Web page caption snippets
········
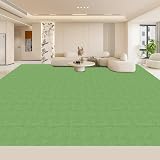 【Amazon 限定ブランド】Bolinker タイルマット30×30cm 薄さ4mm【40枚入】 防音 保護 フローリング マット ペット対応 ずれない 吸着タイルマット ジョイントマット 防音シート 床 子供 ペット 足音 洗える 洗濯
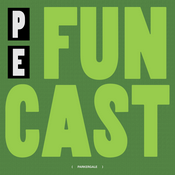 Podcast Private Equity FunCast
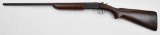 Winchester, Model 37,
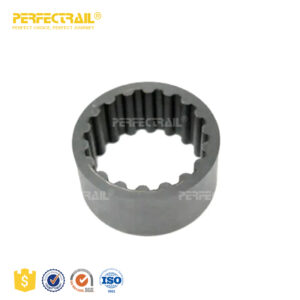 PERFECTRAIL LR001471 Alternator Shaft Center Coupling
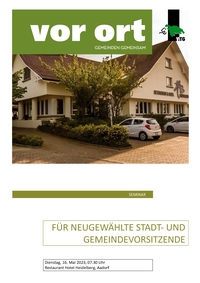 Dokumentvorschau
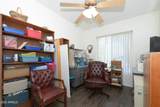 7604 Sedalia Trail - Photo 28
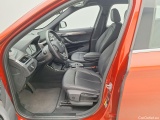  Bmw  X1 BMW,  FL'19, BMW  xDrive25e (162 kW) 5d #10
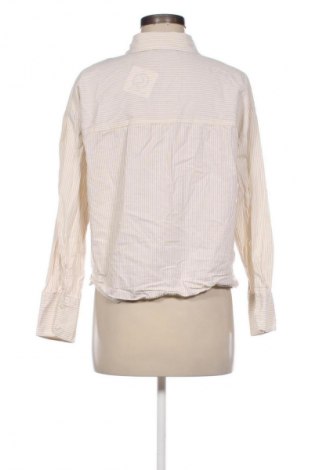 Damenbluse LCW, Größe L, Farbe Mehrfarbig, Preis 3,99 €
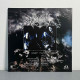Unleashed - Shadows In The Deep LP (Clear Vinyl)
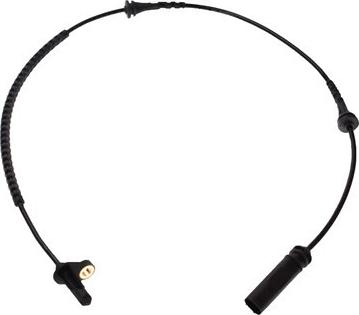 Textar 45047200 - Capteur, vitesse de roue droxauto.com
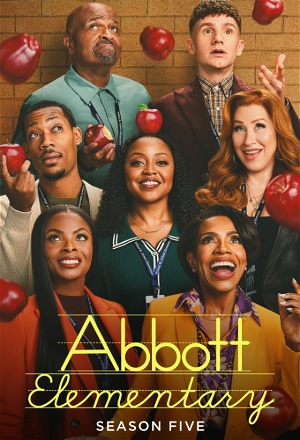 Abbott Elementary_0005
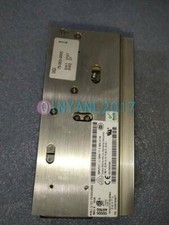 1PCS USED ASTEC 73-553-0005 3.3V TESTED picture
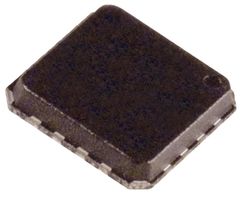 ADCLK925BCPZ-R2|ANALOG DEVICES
········
● **TASK PROMPT**
Output exactly those lines of the data above that run from the line with "PERFECTRAIL LR001471 Alternator" up to and including the line with "Abbott Elementary_0005". No pictures go in.

● **TASK RESPONSE**
 PERFECTRAIL LR001471 Alternator Shaft Center Coupling
 Dokumentvorschau
 7604 Sedalia Trail - Photo 28
  Bmw  X1 BMW,  FL'19, BMW  xDrive25e (162 kW) 5d #10
 Damenbluse LCW, Größe L, Farbe Mehrfarbig, Preis 3,99 €
Unleashed - Shadows In The Deep LP (Clear Vinyl)
 Textar 45047200 - Capteur, vitesse de roue droxauto.com
 Abbott Elementary_0005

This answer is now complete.